Studio album by Tokyo Jihen
- Released: June 9, 2021
- Genre: Rock; pop; jazz;
- Length: 45:10
- Label: EMI
- Producer: Uni Inoue, Tokyo Jihen

Tokyo Jihen chronology
| News (2020) | Music (2021) |  |

Singles from News
- "Aka no dōmei" Released: August 12, 2020; "Ao no ID" Released: November 6, 2020; "Inochi no tobari" Released: November 13, 2020; "Yaminaru shiro" Released: January 23, 2021; "Ryokushu" Released: March 30, 2021;

= Ongaku =

Music (音楽 (ミュージック)) is the sixth studio album by Japanese rock band Tokyo Jihen, released on June 9, 2021, through EMI Records. The album was produced by the band and recording engineer Uni Inoue.

== Background ==
Tokyo Jihen had dissolved in 2012 and had only briefly unofficially reunited on December 31, 2016, as Shiina Ringo's backing band in the 67th NHK Kōhaku Uta Gassen. On January 1, 2020, Tokyo Jihen released a surprise digital single, "Erabarezaru Kokumin", and announced a tour of Japan titled "Live Tour 2020 News Flash", beginning February 29. In February, the band announced their 5-song EP News would be released on April 8, 2020.

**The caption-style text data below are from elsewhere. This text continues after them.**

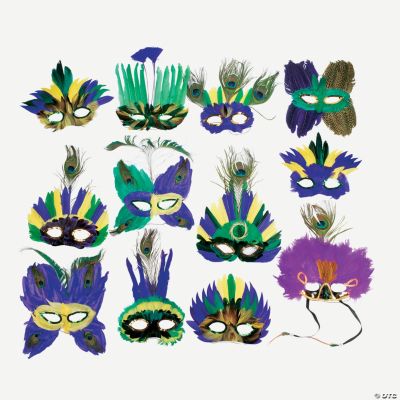 Deluxe Mardi Gras Feather Masks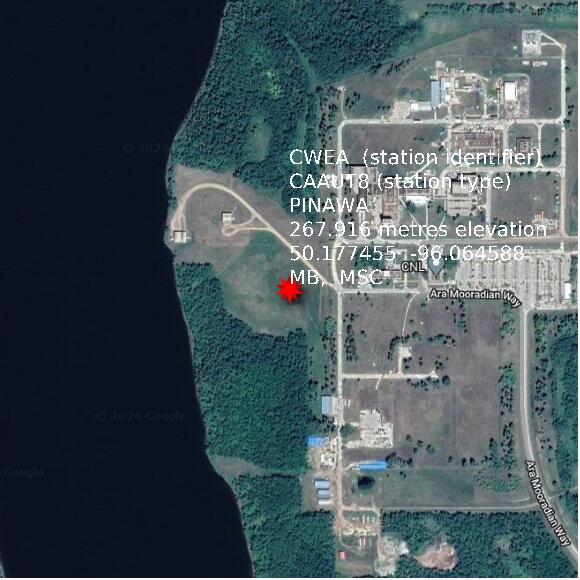 map at zoomlvl 1x1 kilometres for PINAWA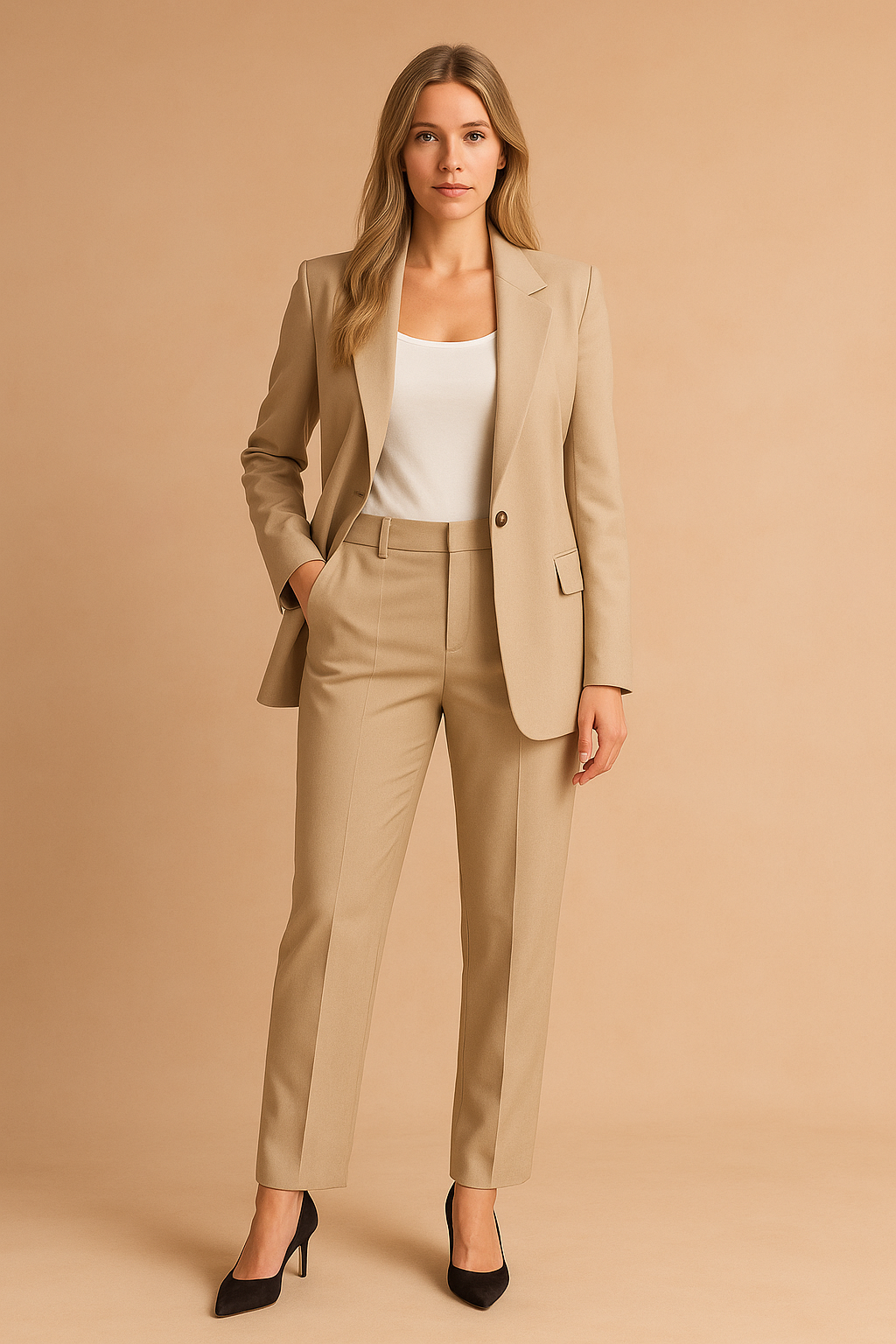 Women's elegant two-piece blazer suit in classic black, perfect for professional wear.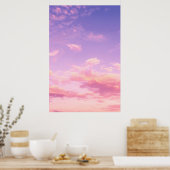 Poster Coucher de soleil violet rose et bleu ciel d'été (Cuisine)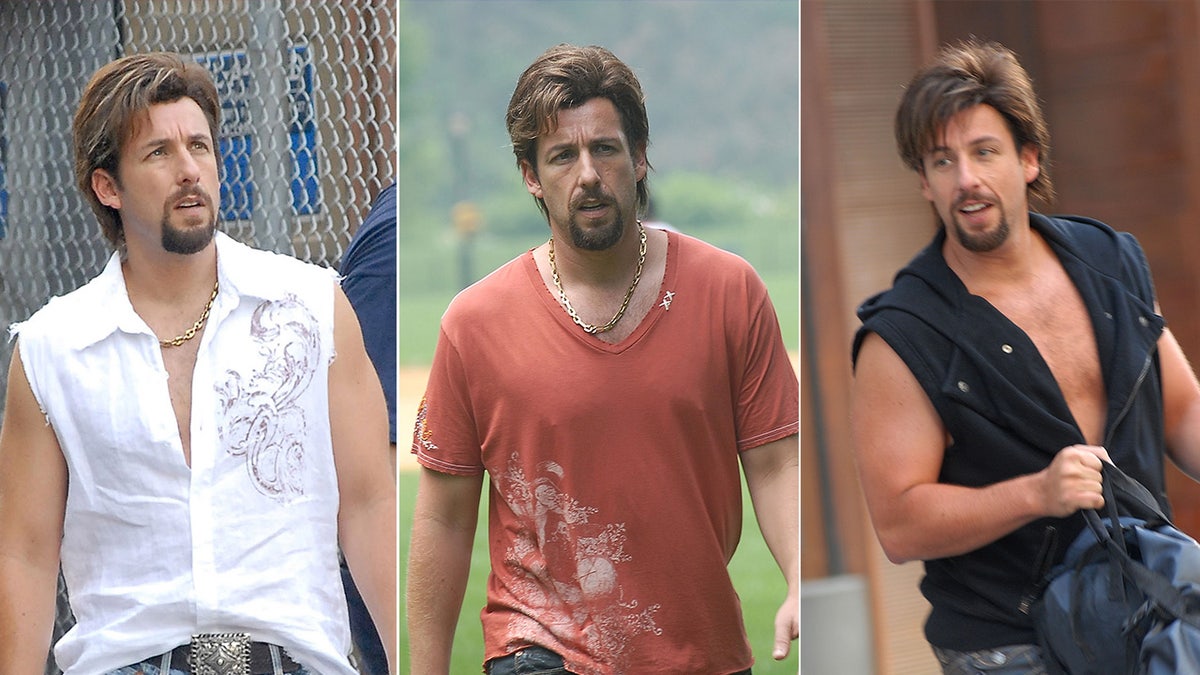 Adam Sandler con tres looks diferentes en el plató de "You Don't Mess with The Zohan" primero con una camiseta blanca recortada, luego con un cuello de pico naranja y después con una sudadera negra recortada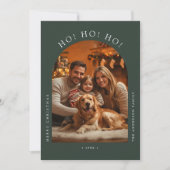 Dog Family Arch Photo Funny Ho Ho Ho Christmas シーズンカード (正面)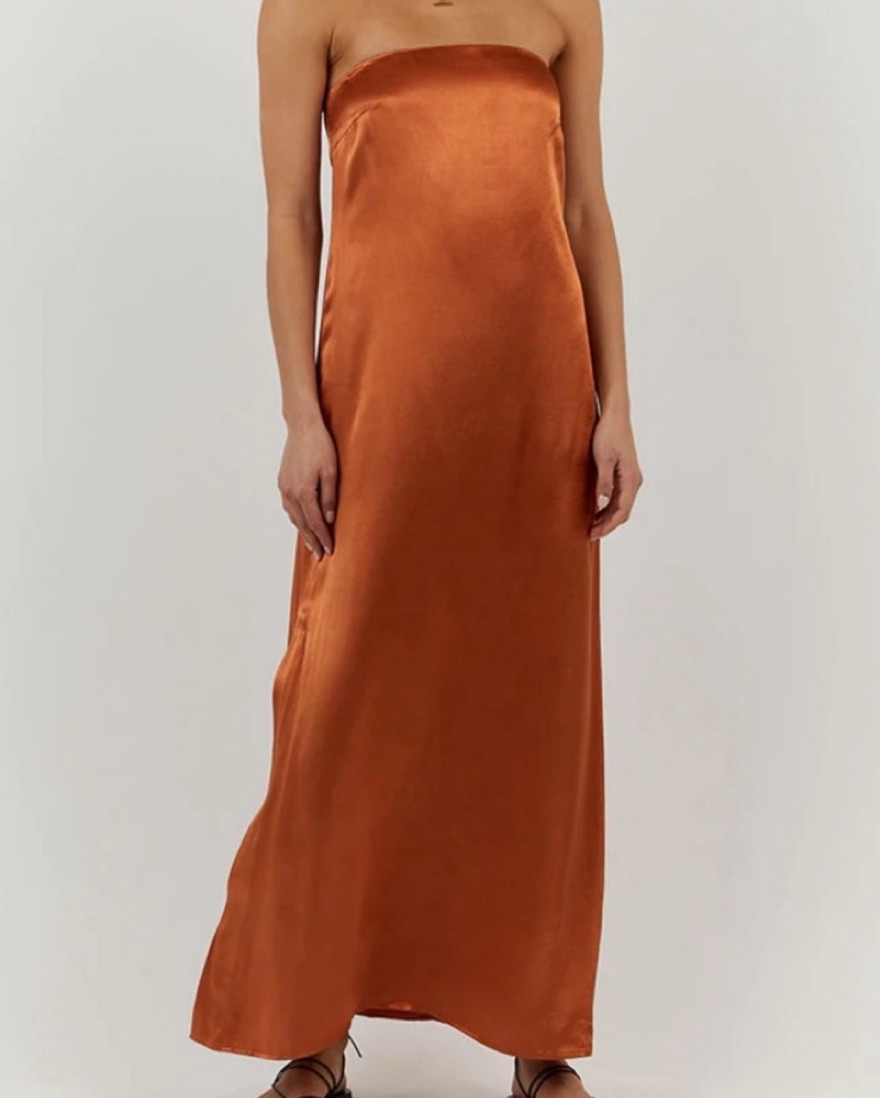 Dissh MIA ORANGE STRAPLESS SATIN by Dissh - Pickle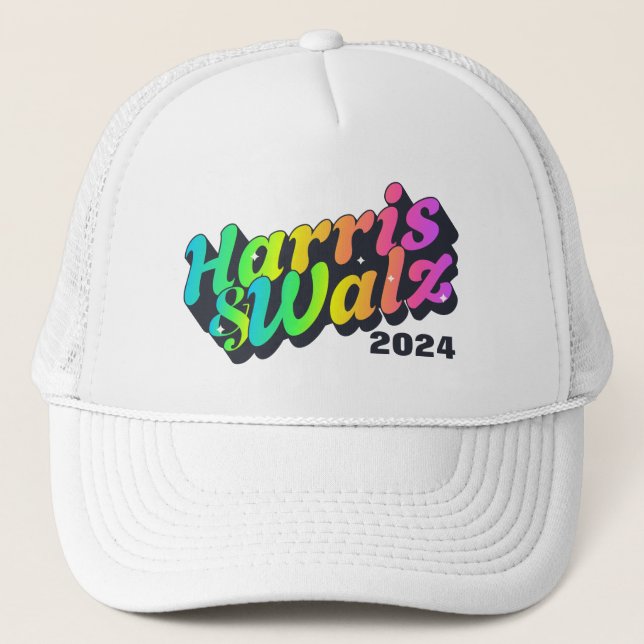 Harris & Walz Rainbow Trucker Hat (Front)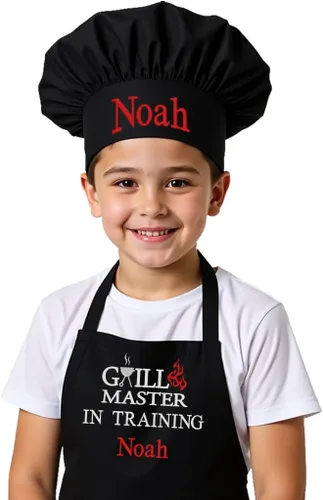 Miniatura 10 de Delantal bordado personalizado y sombrero de chef para niños y niñas, regalo divertido en la cocina (añade un juego de nombre, largo con sombrero)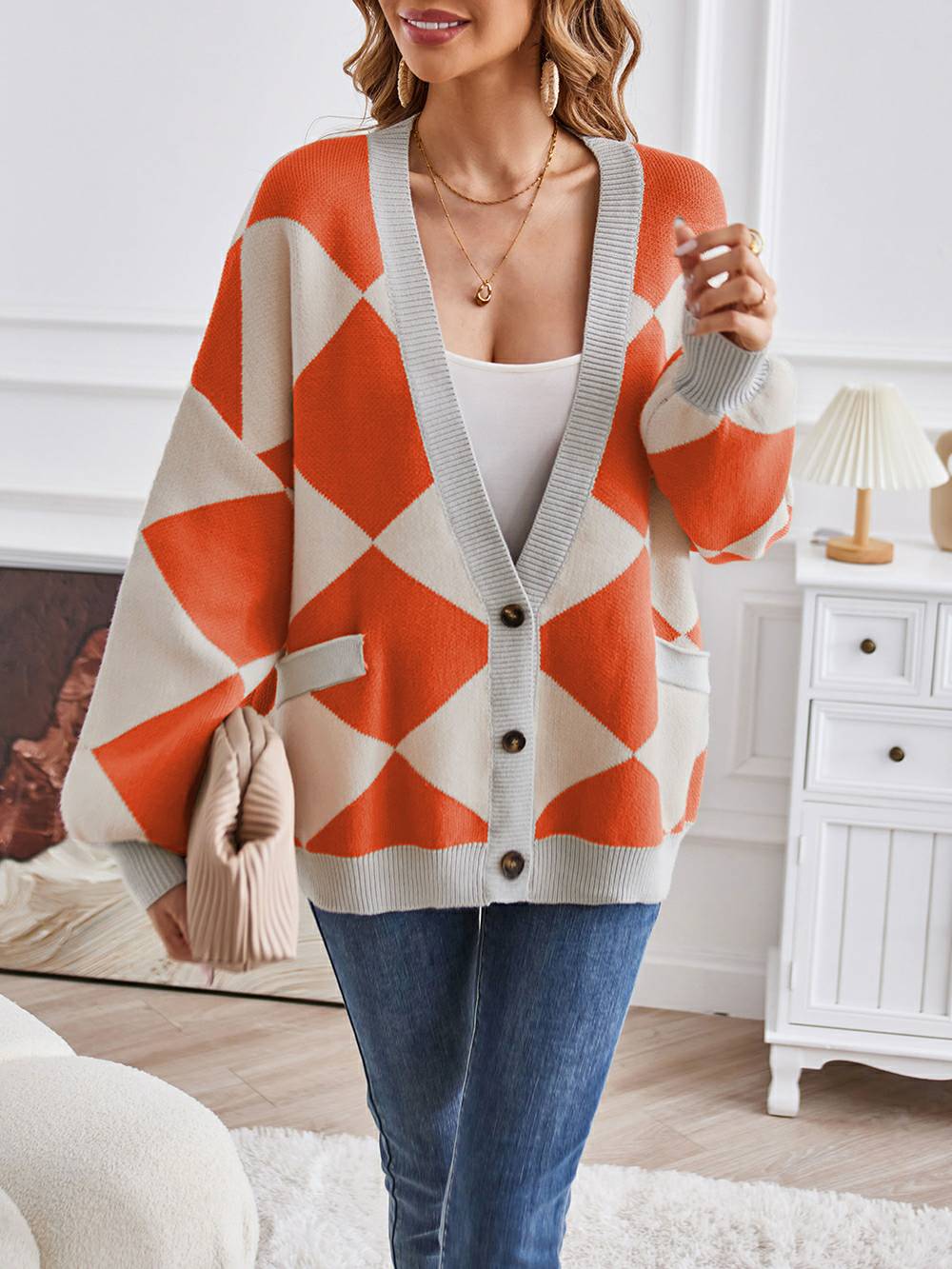 V-Neck Geometric Color Block Knit Cardigan-CALLISTARI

On April 23, 2021, it was announced that the band would release their first full album after resuming activities on June 9, which is "Rock Day". At the same time, the album art and new artist photos of the band members were released, and a special site for the album was opened. On May 13, the music video of "Ryokushu", which was pre-distributed at the end of March, was released on YouTube. On June 3, as the album's release was approaching, a teaser video of the album was released.

== Recording ==
The recording of the album itself started in 2018, before the announcement of the band's reunion, and "Ryokushu" and "Aka no dōmei" were completed first. Recording continued intermittently after that until the band announced their reunion on January 1, 2020. Shiina wrote the lyrics for the new songs from January to March 2021, and recorded the songs to finish the whole thing.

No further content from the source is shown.